Your goal >> Would you transcribe the entries below, beginning at the line with "عکس کلاه پلیس راهنمایی و رانندگی" and ending after the line with "CADENA ORO 10 K 16.1 GRMS (SEMINUEVO)", exactly, with no picture and nothing more?

Listed entries >>
------------

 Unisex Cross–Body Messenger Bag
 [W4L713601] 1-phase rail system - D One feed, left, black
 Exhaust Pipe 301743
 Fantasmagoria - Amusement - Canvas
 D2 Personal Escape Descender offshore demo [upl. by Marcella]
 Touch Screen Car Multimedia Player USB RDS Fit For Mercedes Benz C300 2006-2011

------------

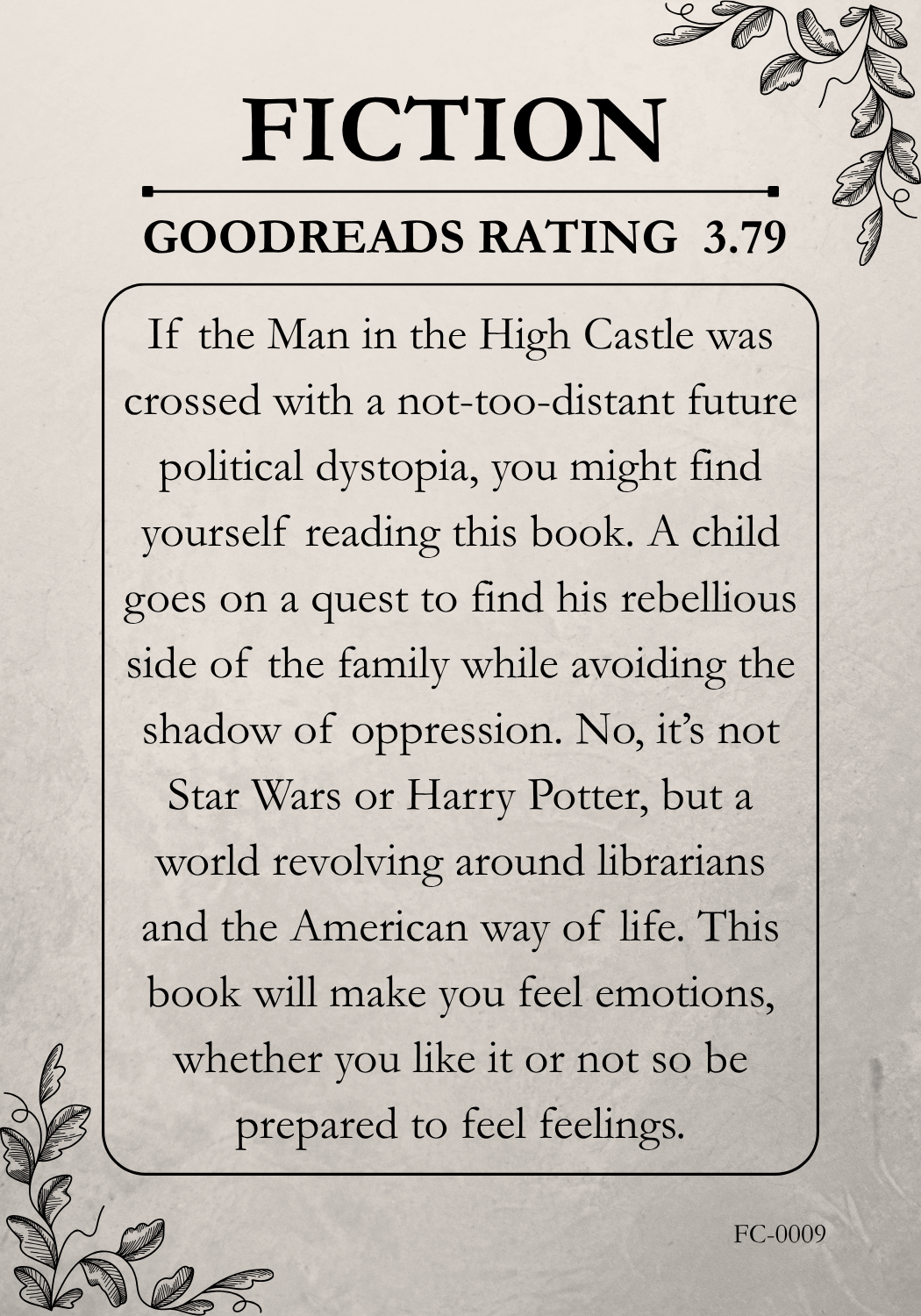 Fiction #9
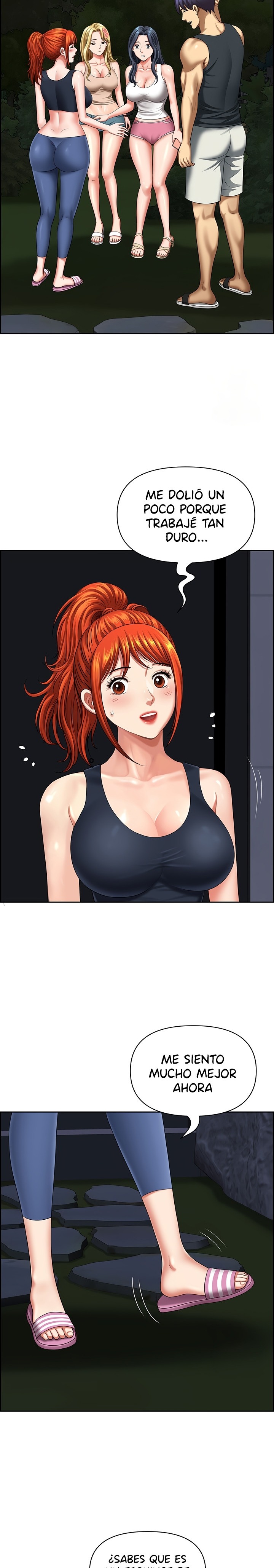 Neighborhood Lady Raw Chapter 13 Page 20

------------

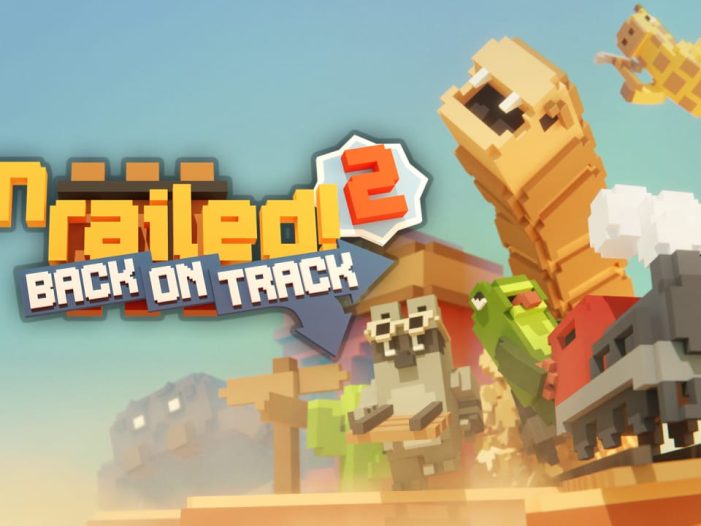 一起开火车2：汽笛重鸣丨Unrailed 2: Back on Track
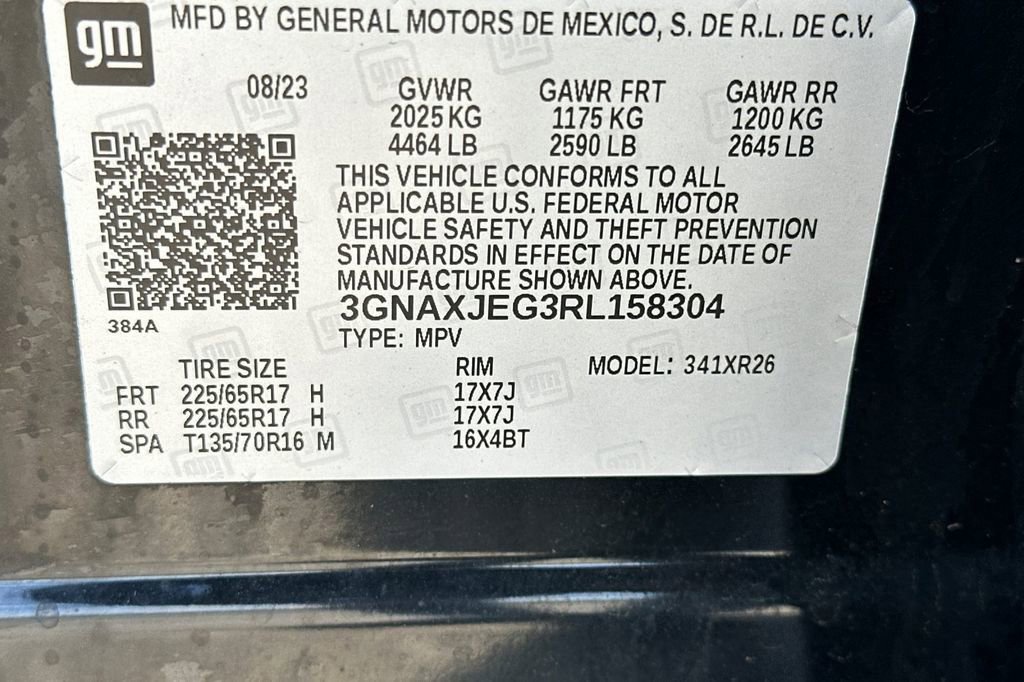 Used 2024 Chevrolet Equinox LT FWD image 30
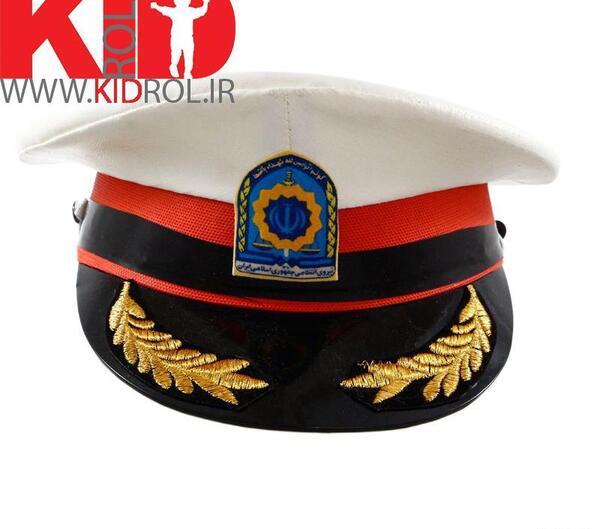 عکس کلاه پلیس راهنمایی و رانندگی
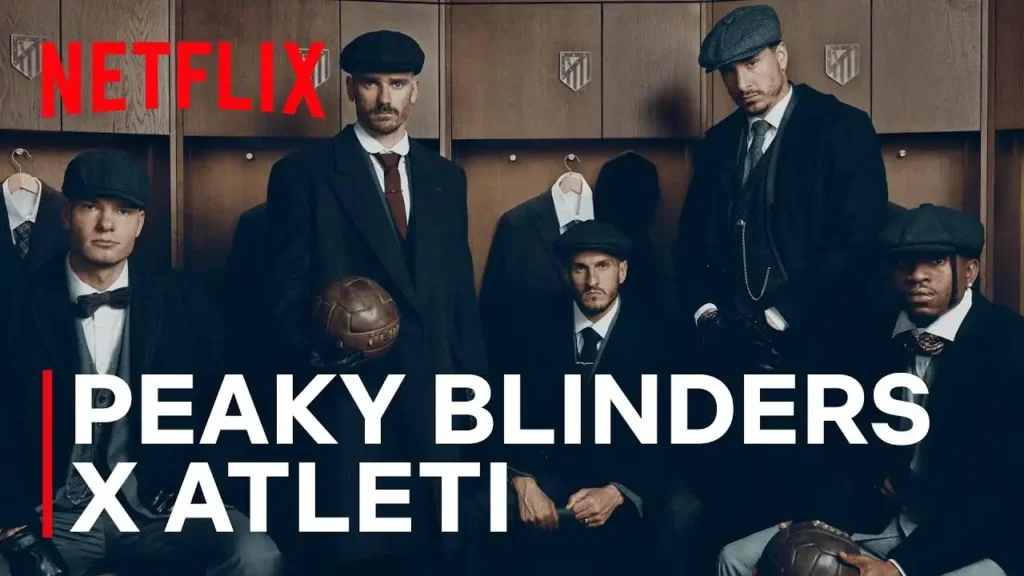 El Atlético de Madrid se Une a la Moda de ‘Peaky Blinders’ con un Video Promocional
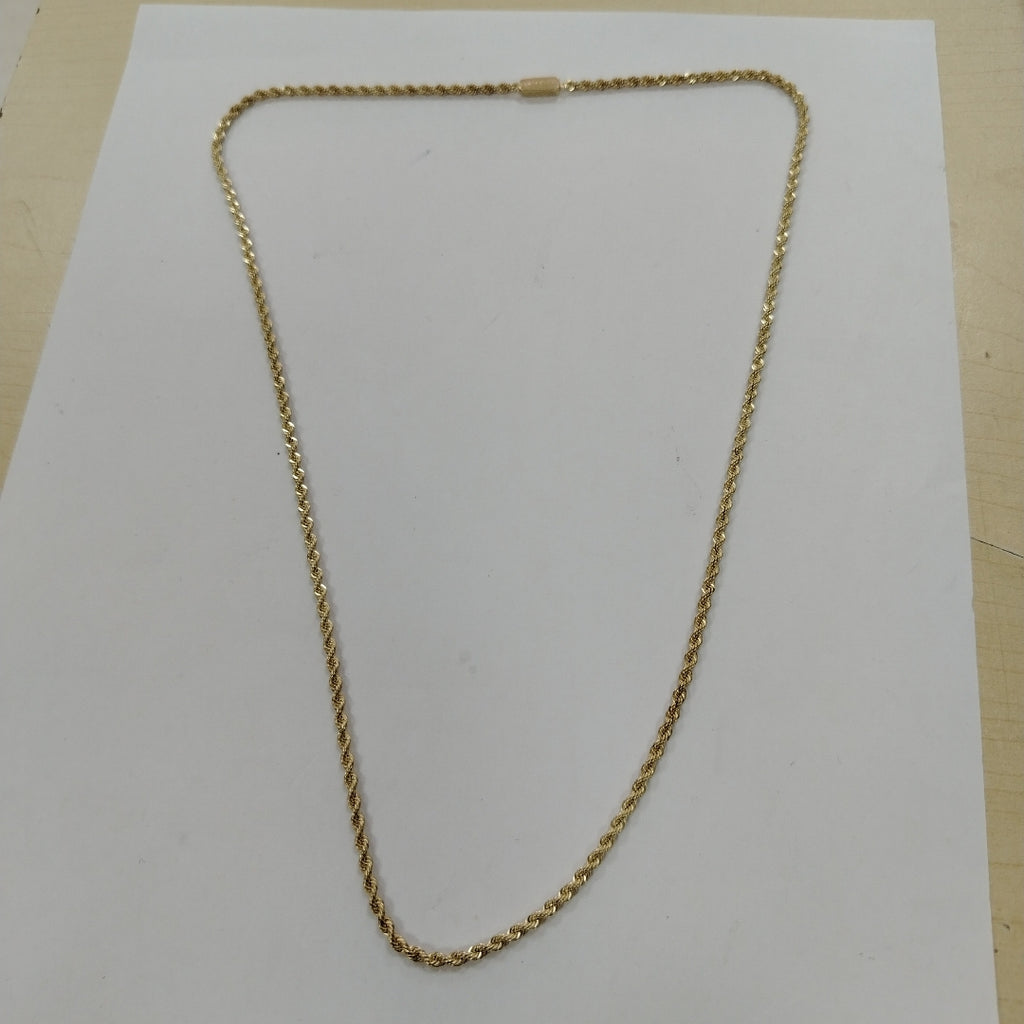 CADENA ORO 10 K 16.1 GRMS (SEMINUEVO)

------------

Result >>
 عکس کلاه پلیس راهنمایی و رانندگی
 El Atlético de Madrid se Une a la Moda de ‘Peaky Blinders’ con un Video Promocional
 CADENA ORO 10 K 16.1 GRMS (SEMINUEVO)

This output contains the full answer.